§ RECORD SET

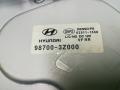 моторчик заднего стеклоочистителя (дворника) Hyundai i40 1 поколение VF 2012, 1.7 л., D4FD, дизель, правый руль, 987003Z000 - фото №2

...

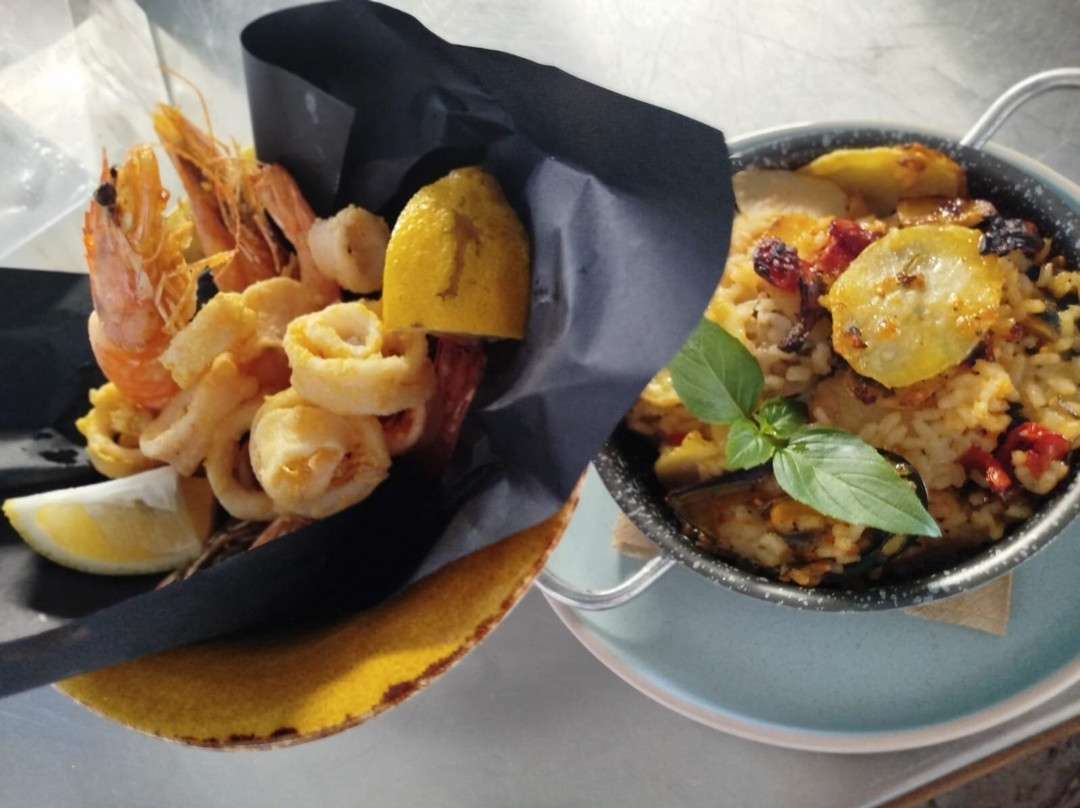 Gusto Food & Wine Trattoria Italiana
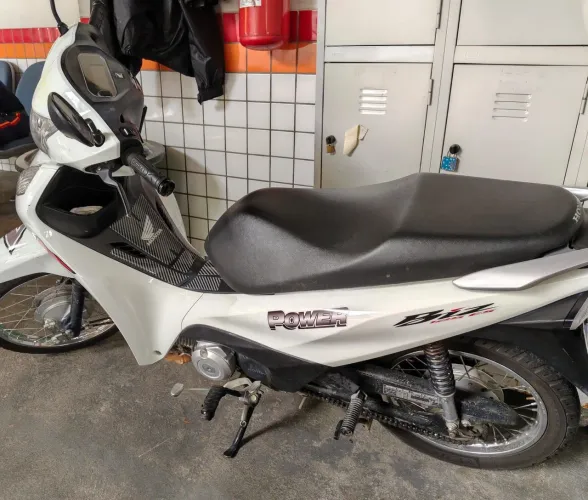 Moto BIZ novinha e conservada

§ PROBLEM TO WORK ON
From the line containing "Gusto Food & Wine Trattoria Italiana" through the line containing "Moto BIZ novinha e conservada", copy every line above exactly, without pictures.

§ OUTPUT
 Gusto Food & Wine Trattoria Italiana
 Moto BIZ novinha e conservada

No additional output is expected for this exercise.